-- AVAILABLE DATA follows --
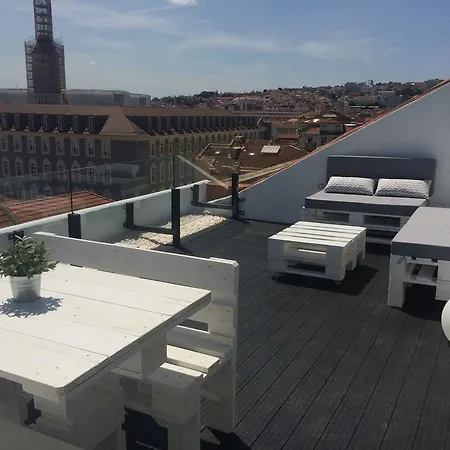 A Terrace On A Topfloor With A View Apartman Lisboa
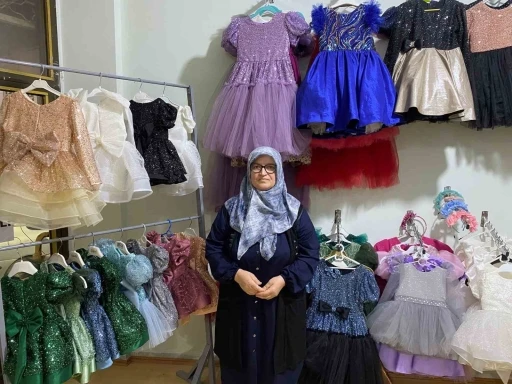 Giyemediği gelinlik i&ccedil;inde ukde oldu, şimdi diktiği gelinlikler &ccedil;ocukları mutlu ediyor
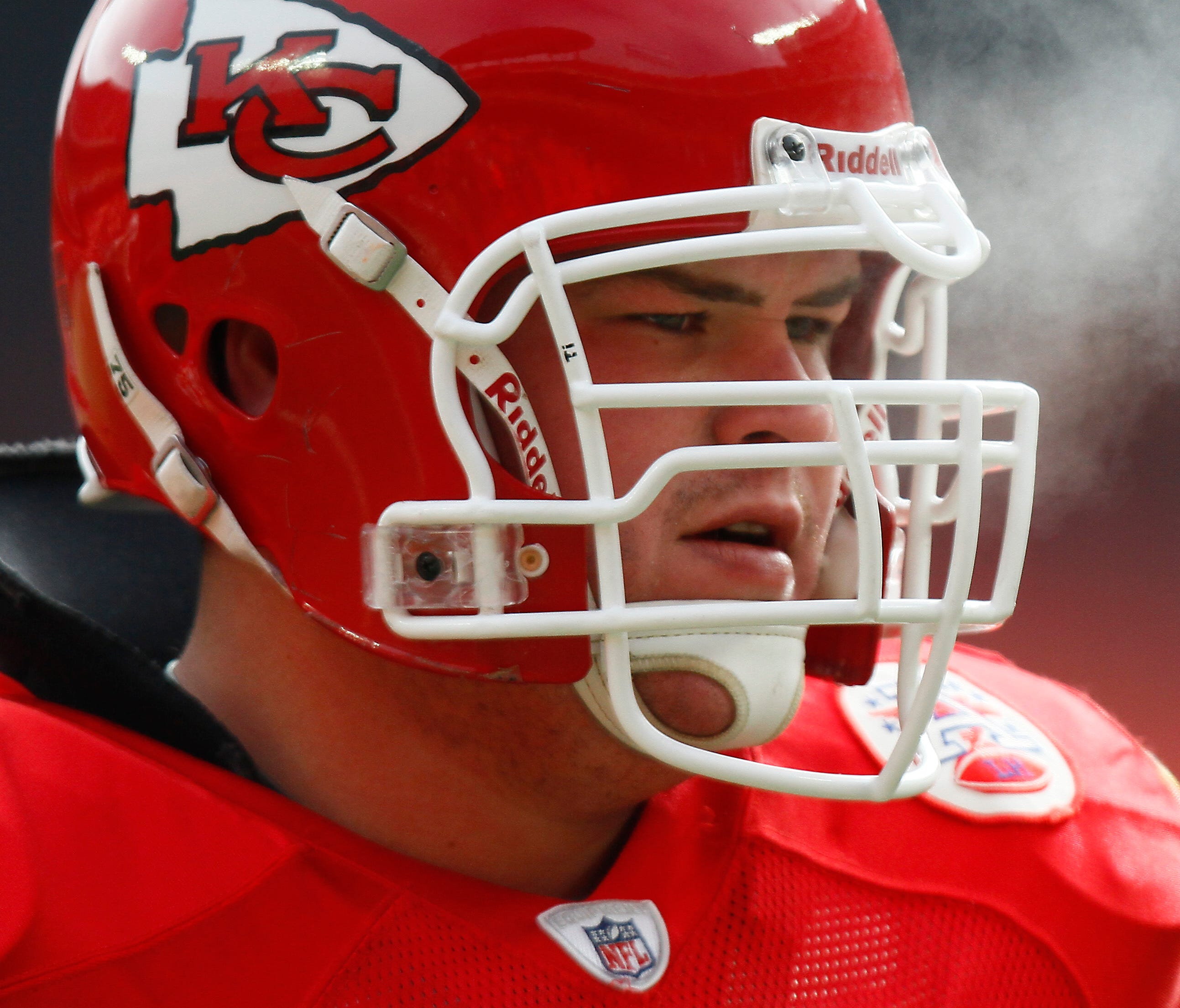 Kansas City Chiefs offensive tackle Ryan O'Callaghan (75) warms up before an an NFL football game against the Tennessee Titans Sunday, Dec. 26, 2010, in Kansas City, Mo.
-- AVAILABLE DATA concluded --
- WORK INSTRUCTIONS -
Retype the whole listing above exactly as written. Skip the pictures.

- ANSWER BOX -
 A Terrace On A Topfloor With A View Apartman Lisboa
 Giyemediği gelinlik i&ccedil;inde ukde oldu, şimdi diktiği gelinlikler &ccedil;ocukları mutlu ediyor
 Kansas City Chiefs offensive tackle Ryan O'Callaghan (75) warms up before an an NFL football game against the Tennessee Titans Sunday, Dec. 26, 2010, in Kansas City, Mo.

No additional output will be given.